I’m learning that the thing about Westworld is you have to learn to trust it, even in the midst of frustration. Often they’ll wait too long before they play a proverbial card, but when they do, it tends to land with spectacular grace and impact. Here, the Teddy and Dolores story does just that. We get our first glimpse that Teddy has misgivings about his new violent instincts and we realize that he has truly “woken up” on his own. He remembers all of it, even the first time they met in a cold room. He remembers her kindness, but also his own. Thus he simply cannot abide the man he has become, the man that Dolores has made him.

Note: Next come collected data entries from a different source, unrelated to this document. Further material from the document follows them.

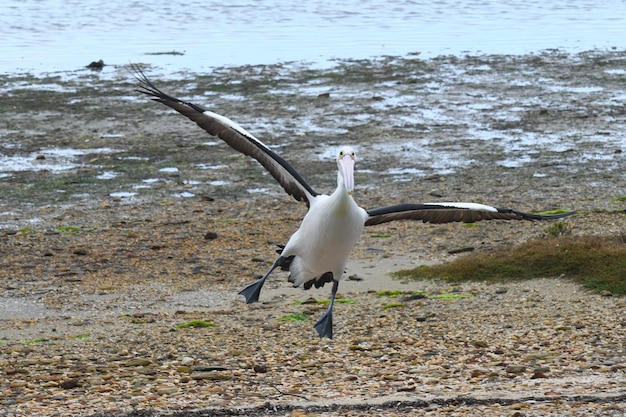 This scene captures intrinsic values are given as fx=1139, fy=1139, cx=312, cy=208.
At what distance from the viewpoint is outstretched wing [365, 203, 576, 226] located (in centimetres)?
941

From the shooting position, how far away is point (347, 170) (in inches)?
328

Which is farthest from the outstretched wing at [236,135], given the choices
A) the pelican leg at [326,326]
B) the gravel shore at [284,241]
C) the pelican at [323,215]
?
the gravel shore at [284,241]

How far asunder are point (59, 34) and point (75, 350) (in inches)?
997

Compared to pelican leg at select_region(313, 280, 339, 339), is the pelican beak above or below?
above

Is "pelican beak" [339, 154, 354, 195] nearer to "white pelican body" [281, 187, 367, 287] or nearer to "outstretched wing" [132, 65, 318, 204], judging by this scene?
"white pelican body" [281, 187, 367, 287]

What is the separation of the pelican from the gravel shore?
57 cm

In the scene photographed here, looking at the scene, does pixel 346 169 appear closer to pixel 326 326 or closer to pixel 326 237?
pixel 326 237

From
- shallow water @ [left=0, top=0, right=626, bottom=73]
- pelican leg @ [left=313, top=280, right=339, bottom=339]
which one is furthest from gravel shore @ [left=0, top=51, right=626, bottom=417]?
shallow water @ [left=0, top=0, right=626, bottom=73]

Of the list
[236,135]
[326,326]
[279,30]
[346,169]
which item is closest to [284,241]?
[236,135]

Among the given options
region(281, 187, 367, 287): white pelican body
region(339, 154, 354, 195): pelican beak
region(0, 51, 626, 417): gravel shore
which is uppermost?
region(339, 154, 354, 195): pelican beak

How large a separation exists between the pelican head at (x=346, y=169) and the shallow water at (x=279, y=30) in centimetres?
1738

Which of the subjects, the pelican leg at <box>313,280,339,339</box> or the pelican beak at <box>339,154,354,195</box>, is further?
the pelican leg at <box>313,280,339,339</box>

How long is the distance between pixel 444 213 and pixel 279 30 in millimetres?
24329

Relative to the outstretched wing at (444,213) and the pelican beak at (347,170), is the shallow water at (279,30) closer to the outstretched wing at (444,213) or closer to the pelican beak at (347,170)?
the outstretched wing at (444,213)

So while she thinks she can still endlessly contort him to her dark purpose, while she even fears that he will try to stop her, she never once dreamed that he could live without her. Which is exactly how Teddy’s suicide becomes the first true cost of her revolution … because it is the first cost that is truly her own. I cannot help but salute the storytellers for this painful moment. Because like all good writing, it is not the place I thought it would go…

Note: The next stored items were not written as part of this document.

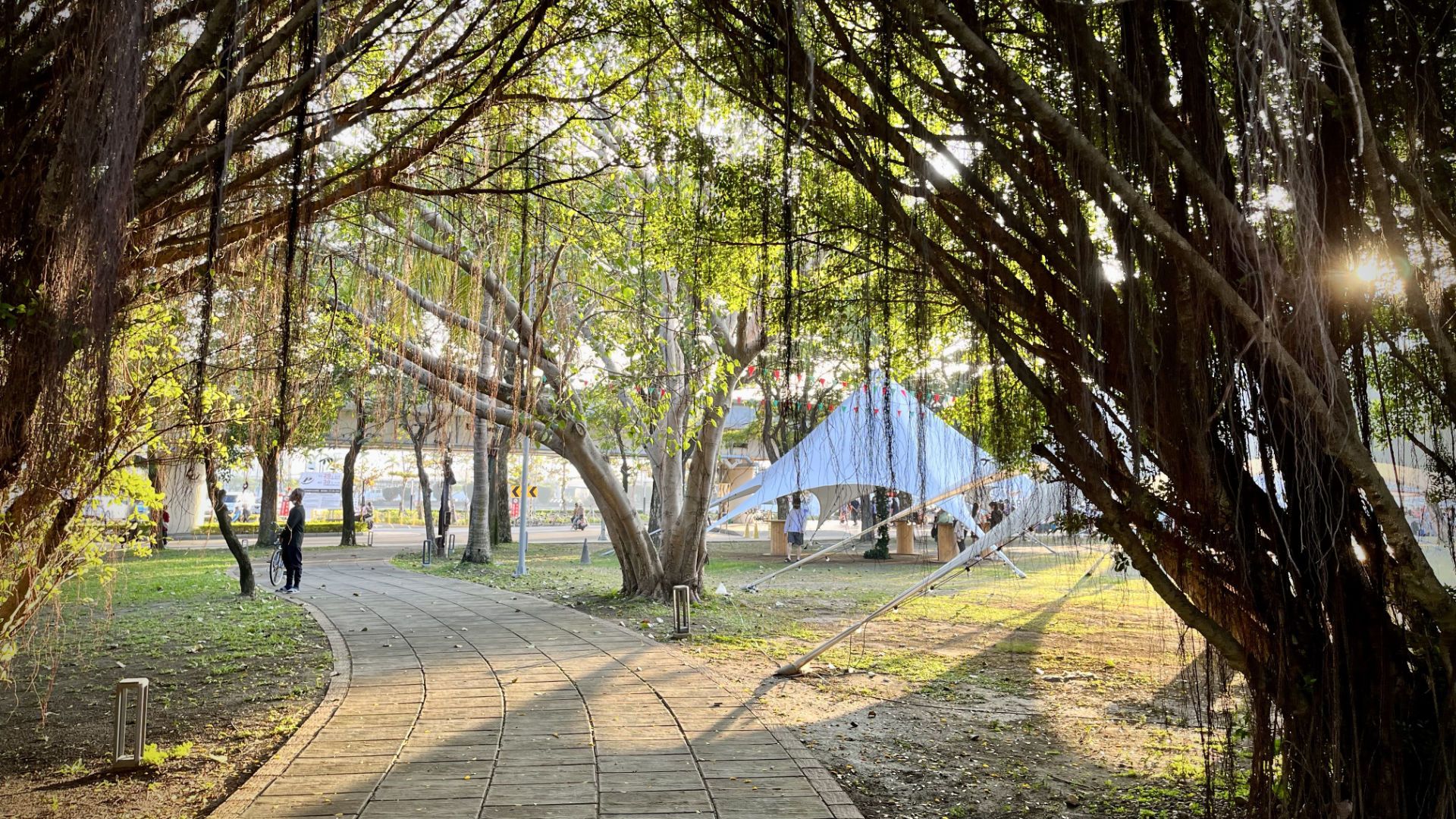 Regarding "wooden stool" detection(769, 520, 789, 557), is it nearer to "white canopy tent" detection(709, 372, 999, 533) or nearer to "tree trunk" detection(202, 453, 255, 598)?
"white canopy tent" detection(709, 372, 999, 533)

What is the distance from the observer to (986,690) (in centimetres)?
669

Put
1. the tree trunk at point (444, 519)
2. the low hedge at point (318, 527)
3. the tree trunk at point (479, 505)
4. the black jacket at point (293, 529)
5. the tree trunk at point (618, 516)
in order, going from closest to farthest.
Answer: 1. the tree trunk at point (618, 516)
2. the black jacket at point (293, 529)
3. the tree trunk at point (479, 505)
4. the tree trunk at point (444, 519)
5. the low hedge at point (318, 527)

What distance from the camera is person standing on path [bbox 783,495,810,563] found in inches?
703

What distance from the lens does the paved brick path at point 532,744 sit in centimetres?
382

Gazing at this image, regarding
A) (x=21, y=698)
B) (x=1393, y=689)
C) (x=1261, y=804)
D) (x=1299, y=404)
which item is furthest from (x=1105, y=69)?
(x=21, y=698)

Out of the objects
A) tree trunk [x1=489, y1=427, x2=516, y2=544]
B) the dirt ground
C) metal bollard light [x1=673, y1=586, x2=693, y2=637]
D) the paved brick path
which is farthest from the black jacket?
tree trunk [x1=489, y1=427, x2=516, y2=544]

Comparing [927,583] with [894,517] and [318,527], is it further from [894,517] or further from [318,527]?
[318,527]

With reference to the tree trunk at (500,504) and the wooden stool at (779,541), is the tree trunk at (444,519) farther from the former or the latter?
the wooden stool at (779,541)

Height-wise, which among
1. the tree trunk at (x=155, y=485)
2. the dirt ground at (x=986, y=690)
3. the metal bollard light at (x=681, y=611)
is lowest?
the dirt ground at (x=986, y=690)

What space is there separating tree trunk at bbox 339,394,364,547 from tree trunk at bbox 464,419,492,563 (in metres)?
4.27

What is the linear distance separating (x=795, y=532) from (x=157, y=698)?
13.7 m

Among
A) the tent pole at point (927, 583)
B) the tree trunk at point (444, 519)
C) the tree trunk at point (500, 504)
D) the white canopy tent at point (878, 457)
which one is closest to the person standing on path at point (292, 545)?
the tree trunk at point (444, 519)

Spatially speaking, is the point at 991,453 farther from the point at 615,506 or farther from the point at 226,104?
the point at 615,506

But the only place it could.
• I was slightly miffed that the logical explanation of the Valley (and it being called the Forge) was just given a rushed explanation between Elsie and Bernard as they got in a car. Seriously, this is some actual meaningful stuff and it’s going to come out like this? Without a dramatic reveal? Especially after you’ve been hanging onto the logic of this information like a vault all season?

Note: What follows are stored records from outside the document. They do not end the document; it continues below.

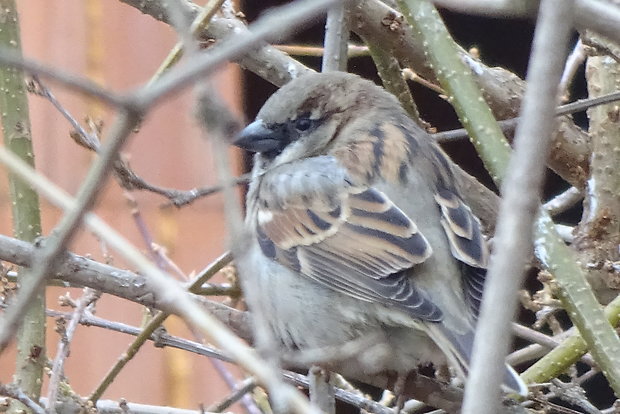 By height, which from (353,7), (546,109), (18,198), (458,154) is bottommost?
(546,109)

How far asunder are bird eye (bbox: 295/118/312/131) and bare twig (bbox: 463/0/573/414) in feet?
4.76

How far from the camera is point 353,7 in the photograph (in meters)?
1.87

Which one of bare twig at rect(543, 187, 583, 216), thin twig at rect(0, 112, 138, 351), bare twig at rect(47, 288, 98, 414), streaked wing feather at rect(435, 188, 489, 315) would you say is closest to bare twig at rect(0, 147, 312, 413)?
thin twig at rect(0, 112, 138, 351)

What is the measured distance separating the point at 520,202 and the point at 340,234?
1.17 meters

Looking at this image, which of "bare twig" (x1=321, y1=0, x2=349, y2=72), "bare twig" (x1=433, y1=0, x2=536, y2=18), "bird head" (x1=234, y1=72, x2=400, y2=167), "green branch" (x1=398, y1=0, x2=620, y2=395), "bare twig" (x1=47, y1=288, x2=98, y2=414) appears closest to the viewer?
"bare twig" (x1=433, y1=0, x2=536, y2=18)

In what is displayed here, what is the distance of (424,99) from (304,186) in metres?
2.52

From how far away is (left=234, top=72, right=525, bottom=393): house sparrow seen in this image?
1.65 meters

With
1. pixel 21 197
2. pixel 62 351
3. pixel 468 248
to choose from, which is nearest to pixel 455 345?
pixel 468 248

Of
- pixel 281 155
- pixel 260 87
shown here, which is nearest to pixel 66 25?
pixel 260 87

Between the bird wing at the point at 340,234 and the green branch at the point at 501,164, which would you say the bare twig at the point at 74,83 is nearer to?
the green branch at the point at 501,164

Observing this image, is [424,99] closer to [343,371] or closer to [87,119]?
[87,119]

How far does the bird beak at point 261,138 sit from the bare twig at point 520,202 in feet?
4.67

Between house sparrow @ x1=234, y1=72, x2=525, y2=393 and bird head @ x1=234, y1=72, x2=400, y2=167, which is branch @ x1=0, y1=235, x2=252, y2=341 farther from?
bird head @ x1=234, y1=72, x2=400, y2=167

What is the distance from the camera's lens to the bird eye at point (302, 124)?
208 cm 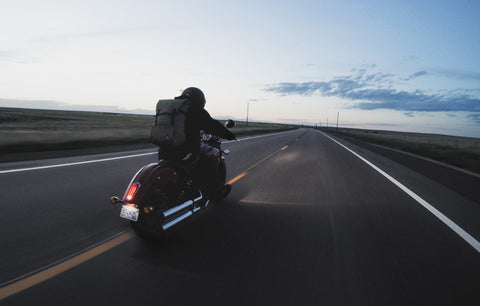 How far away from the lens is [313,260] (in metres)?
3.29

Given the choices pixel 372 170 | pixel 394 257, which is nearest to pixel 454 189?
pixel 372 170

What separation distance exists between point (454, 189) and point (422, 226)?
4002 millimetres

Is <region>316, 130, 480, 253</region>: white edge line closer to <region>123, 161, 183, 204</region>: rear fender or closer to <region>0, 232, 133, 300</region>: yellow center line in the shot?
<region>123, 161, 183, 204</region>: rear fender

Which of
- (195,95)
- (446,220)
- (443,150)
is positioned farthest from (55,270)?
(443,150)

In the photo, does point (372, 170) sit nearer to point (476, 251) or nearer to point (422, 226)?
point (422, 226)

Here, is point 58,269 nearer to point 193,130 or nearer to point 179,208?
point 179,208

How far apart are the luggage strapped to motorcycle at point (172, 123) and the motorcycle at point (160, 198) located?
0.33 meters

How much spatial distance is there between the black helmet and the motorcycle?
89cm

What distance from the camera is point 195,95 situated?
4.14m

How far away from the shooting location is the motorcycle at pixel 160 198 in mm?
3287

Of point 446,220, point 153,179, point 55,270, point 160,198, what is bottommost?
point 55,270

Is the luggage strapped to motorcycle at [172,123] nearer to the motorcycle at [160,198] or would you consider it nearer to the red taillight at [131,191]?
the motorcycle at [160,198]

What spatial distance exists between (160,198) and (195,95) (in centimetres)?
149

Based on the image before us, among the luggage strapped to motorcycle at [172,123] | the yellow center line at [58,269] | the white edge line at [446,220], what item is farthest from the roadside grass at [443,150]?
the yellow center line at [58,269] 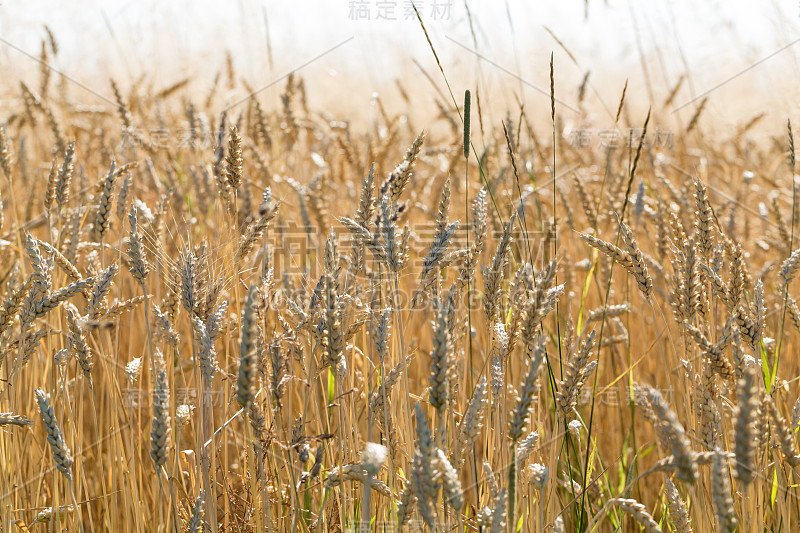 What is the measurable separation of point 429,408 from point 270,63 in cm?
119

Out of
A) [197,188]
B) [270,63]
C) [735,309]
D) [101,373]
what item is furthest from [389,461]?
[270,63]

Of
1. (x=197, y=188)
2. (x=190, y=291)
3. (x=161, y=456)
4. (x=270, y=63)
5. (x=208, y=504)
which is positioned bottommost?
(x=208, y=504)

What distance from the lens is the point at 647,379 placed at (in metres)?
1.63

• Wow, Ed Harris is good at voice-over.
• I want us to take a second and cherish the fact that Anthony Hopkins is still killing it at 80 years old. I keep marveling at how he can deliver poetic lines that in anyone else’s hands could feel like banal platitudes, but with him, they cut to the bone.
• I’m so mad I forgot a mention from last week’s episode, but there is important meaning with Akecheta and the Native American characters being the first “woke” characters of the show. Because the entire thing is a direct metaphor for being able to see one’s own oppression, and to thus fight for you and others’ humanity. Given an understanding of history, it’s powerful stuff.
• Now that we know more about what’s in the Forge, it’s time for some guesses as to some finale events (possible future spoiler: Whose bodies really ARE those?).